Il y avait aussi des abus physiques et sexuels.
La plus grande enquête jamais entreprise par la GRC dans le Nord concernait le foyer et les écoles Grollier Hall à Inuvik, dans les Territoires du Nord-Ouest. Elle a conduit à plus de 80 accusations contre de nombreuses personnes, dont certaines associées à l’église.
Martin Houston, qui était superviseur de la salle, a ensuite été ordonné prêtre malgré sa condamnation pour crimes sexuels. Il a vécu dans une résidence pour prêtres catholiques au Manitoba jusqu’à sa mort en 2010.
Obed a dit qu’il dira au pape François que les Inuits s’attendent à ce que toute autre enquête qui révèle des actes répréhensibles de la part de membres de l’église mette la justice pour les victimes au premier plan.
« C’est ce qui préoccupe de nombreux Inuits », a-t-il déclaré.
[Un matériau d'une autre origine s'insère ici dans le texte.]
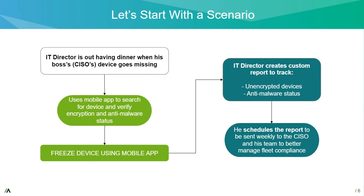After the fact, the IT director wants to be more proactive looking at the security posture of the endpoint device. So potentially you want to create custom reports for tracking such as unencrypted devices and anti-malware status. He can also, after creation of these reports, create a scheduled report so that it gets sent to himself and the CISO and the greater team to better have visibility to the compliance of the entire fleet on a regular basis. With that as the setup scenario,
Il souhaite également que l’Église catholique aide à identifier les enfants qui se trouvent sur des tombes anonymes et qu’elle assume sa responsabilité morale en matière de restitution monétaire. Les évêques canadiens se sont engagés l’année dernière à amasser 30 millions de dollars sur cinq ans pour les efforts de réconciliation.
Obed a déclaré qu’il partagerait également l’attente que le pape s’excuse pour le rôle de l’Église dans les pensionnats au Canada.
« C’est une séance qui vise à faciliter l’action. »
Ce rapport de La Presse canadienne a été publié pour la première fois le 26 mars 2022.